Farms that showcase agricultural technology and techniques that improve crops and production are known as demonstration farms and are a smart investment that can help accelerate the espousal of game-changing innovations. Farmers can learn new ways of doing things without having to do it on their farms.
Demonstration farms are used to teach various agricultural techniques and technologies, showcase new or improved crops. They also serve as a venue to research and test new methods alongside traditional ones.
Their sizes can vary widely, ranging from small to big farms. Depending on what’s being tested or showcased, the demonstration farm could have different types of crops and crop varieties, livestock or poultry breeds, fertilizer treatments or technology, such as drip irrigation.
Over a century ago, agriculturalist Seaman Knapp recognized the importance of demonstration farms and he believed in the philosophy of teaching through demonstration. He is regarded as the father of demonstration farms.
Demonstration farms however have a potential of doing much more. They are a few of them however in the country, oxfarm.co.ke however is currently having a demo farm in Ridgeway’s Nairobi. If carefully designed, demostration farms could help revolutionise Agriculture in Kenya as well as Africa. They could help solve some of Africa’s most persistent challenges including degraded soils or the low adoption of irrigation technologies.
They could also help with the uptake of new concepts that are transforming agriculture including precision agriculture – a farm management system that ensures soils and crops receive exactly what they need for optimal growth and productivity.

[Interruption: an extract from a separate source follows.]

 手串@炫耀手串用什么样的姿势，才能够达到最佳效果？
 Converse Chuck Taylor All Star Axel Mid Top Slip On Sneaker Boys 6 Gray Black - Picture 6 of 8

Or conservation agriculture – a sustainable agriculture production system comprised of three linked principles; minimal soil disturbance, mixing and rotating crops and keeping the soils covered as much as possible.
Where Does Demonstration farms Work?
In Israel, a centre for agricultural development has trained over 270,000 people from 132 countries in its various courses, 70% of which use demonstration agricultural farms.
There have also been substantial advances on the continent. In Nigeria, a fertilizer company has over 3,000 demonstration farms that it uses to showcase and teach farmers about modern farming practices.
In Ghana, the Ministry of Food and Agriculture has established over 1,242 community demonstration farms that showcase new agricultural technologies.
Here in Kenya, apart from our demo farm, a demonstration farm in Meru is teaching women everything they need to know about conservation agriculture. This includes covering crops like grass or legumes, to provide seasonal soil cover to protect bare land. These kinds of steps improve crop productivity, increase yields as well as profits and food security.
Farmers can see how practices work over time, ranging from one season to another to a period of years. They are then able to use them on their own farms. In Kenya over 10,000, of over 7 million farmers, have adopted these practices.
Non-governmental organizations are also using demonstration farms. Development in Gardening in Kenya, for example, uses demonstration farms as classrooms to showcase good agricultural practices.
What Should be Done
The need for demonstrations farms can’t be overemphasized – particularly in Africa. Challenges such as droughts, degraded soils and low crop productivity persist and threaten the livelihoods of millions of people.
One of the major challenges is funding. Setting up demonstration farms to try new technologies or best practices takes lots of funds, time and effort.
Luckily there are several funding agencies, including governments, that fund demonstration farms.